SUPPLIED MATERIAL ▸
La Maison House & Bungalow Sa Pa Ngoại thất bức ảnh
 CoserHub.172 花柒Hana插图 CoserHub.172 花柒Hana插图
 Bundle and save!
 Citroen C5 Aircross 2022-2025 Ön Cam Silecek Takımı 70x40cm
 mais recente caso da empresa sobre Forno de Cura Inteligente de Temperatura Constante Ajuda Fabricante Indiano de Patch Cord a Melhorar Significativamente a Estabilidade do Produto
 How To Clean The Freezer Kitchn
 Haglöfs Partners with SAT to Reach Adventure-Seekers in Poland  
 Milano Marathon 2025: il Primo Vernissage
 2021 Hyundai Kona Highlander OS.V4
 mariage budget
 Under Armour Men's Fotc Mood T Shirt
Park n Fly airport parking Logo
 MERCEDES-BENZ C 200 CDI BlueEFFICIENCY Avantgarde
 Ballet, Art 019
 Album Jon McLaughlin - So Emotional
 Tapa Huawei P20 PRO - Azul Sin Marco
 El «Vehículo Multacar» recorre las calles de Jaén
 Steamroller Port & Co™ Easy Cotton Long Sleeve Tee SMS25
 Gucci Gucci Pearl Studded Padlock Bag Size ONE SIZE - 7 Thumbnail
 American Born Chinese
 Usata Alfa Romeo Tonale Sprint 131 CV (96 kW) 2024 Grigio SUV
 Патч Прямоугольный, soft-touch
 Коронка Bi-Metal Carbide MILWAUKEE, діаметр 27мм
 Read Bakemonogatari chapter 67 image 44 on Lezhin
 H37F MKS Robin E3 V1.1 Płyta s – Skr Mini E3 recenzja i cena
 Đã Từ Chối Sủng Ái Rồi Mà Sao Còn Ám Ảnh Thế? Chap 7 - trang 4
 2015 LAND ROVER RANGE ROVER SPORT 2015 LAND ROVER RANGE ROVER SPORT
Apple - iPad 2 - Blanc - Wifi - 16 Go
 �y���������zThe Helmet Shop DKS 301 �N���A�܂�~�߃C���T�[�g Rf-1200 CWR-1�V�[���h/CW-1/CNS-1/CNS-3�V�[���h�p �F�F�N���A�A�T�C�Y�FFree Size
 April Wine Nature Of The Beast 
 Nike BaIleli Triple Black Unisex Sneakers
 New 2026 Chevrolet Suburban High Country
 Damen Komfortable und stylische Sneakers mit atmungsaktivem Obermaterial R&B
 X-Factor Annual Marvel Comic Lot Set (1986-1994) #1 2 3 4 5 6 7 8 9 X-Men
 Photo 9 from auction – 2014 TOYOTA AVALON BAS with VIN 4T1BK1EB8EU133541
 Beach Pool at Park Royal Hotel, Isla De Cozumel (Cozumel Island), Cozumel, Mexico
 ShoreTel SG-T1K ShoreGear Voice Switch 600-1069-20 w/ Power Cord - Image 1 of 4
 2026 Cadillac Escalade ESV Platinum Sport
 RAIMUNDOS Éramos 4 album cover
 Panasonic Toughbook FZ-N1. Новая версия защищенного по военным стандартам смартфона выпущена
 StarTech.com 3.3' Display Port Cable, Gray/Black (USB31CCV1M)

WHAT IS NEEDED ▸ What lines in the entries above hold "Cord"? Copy every one.

ANSWER TO THIS EXERCISE ▸
 mais recente caso da empresa sobre Forno de Cura Inteligente de Temperatura Constante Ajuda Fabricante Indiano de Patch Cord a Melhorar Significativamente a Estabilidade do Produto
 ShoreTel SG-T1K ShoreGear Voice Switch 600-1069-20 w/ Power Cord - Image 1 of 4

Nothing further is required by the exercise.